Chi Omega sorority posted a racially insensitive picture taken at a Mexican-themed Halloween party.
Some students at Penn State say they're indifferent to the picture taken by the sisters of Chi Omega, others say they're appalled.
"Trashy, stupid, inconsiderate more than anything else."
That's how Grant Berry describes this picture.
"It's just really grossly inappropriate in a lot of ways," Berry said.
The picture was first reported in an Onward State blog online and now, it's at the center of an investigation.
Senior Taylour Maietta says she sees themed parties at Penn State all the time.
"We've had Mexican parties, we've had Mexican food, things like that," she said. "We've never dressed up like that."
But Maietta says it's not the costumes that offend her the most.
"The signs are kind of what got me," Maietta said.
Two signs reading "Will mow lawn for weed and beer" and "I don't cut grass, I smoke it" are front and center in the picture.
"It could just be a Halloween party dressing up, but they went as far as the signs, that could be stepping over the line a little bit," Maietta said.

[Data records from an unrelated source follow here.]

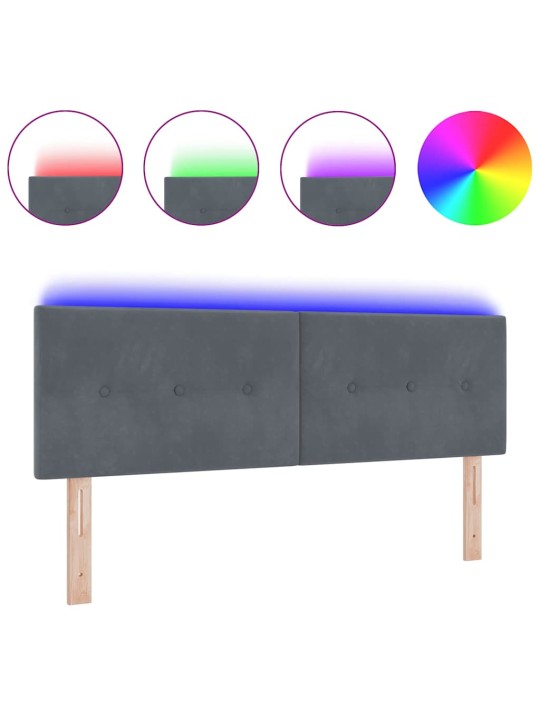 Galvgalis ar led sloksnes lukturiem pelēka 80 cm samts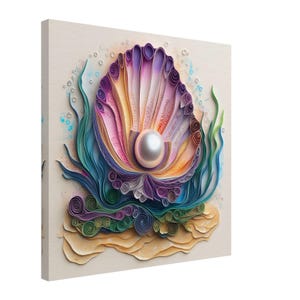 Pearl in Oyster Shell, Paper Quilling Artwork of a Pearl and Ocean Life, Quilled Paper Design Canvas Print, #paperquilling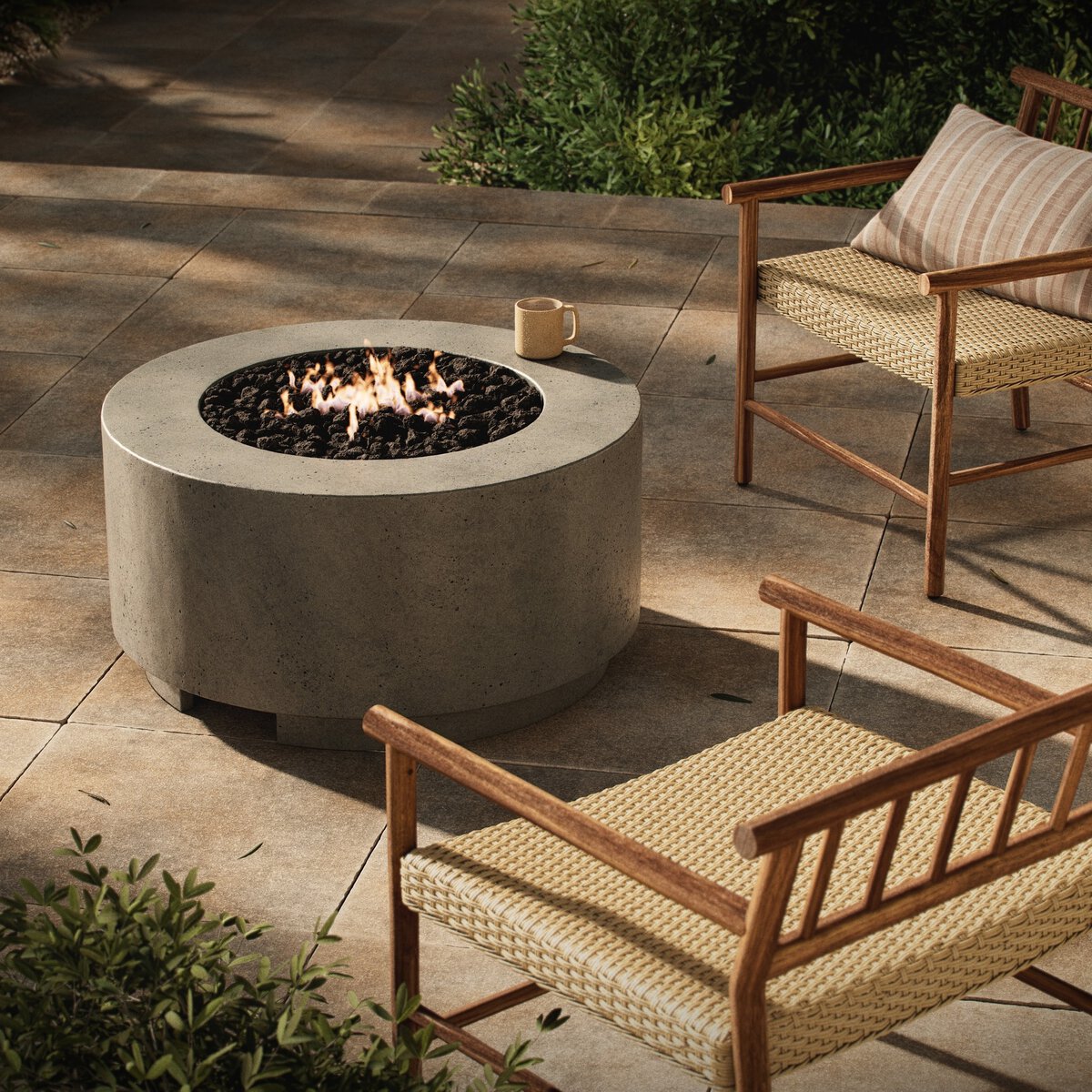 Damian Outdoor Fire Table Pewter Concrete OL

Grant Berry studies Spanish Linguistics. He describes the picture as appalling.
"The person who first taught me Spanish is actually from Mexico City. She doesn't have a mustache, she doesn't wear sombrero or a poncho," he said. "I would really recommend that people, rather than do things like this and generalize an entire group of people, spend some time, get on Wikipedia, learn a little bit about that culture. You're at a university, it might help you to study a little bit more."
The sisters of the Nu Gamma chapter of Chi Omega released a statement to WTAJ Tuesday saying they apologize for portraying the inappropriate stereotypes and the picture does not reflect the values of their organization.
A representative from Chi Omega's National Headquarters says at this time, final sanctions have not been finalized for the Chapter as the incident is still under investigation, but says their organization is working with Penn State's Panhellenic team to discuss educational directives for the chapter.
University Public Information Director, Lisa Powers, also released a statement Tuesday, saying "While these individuals are within their First Amendment rights to express themselves in this way, we are appalled that they would display this level of insensitivity....these costumes and this group do not represent fraternity and sorority life at Penn State, nor the 95,000 students who attend our university."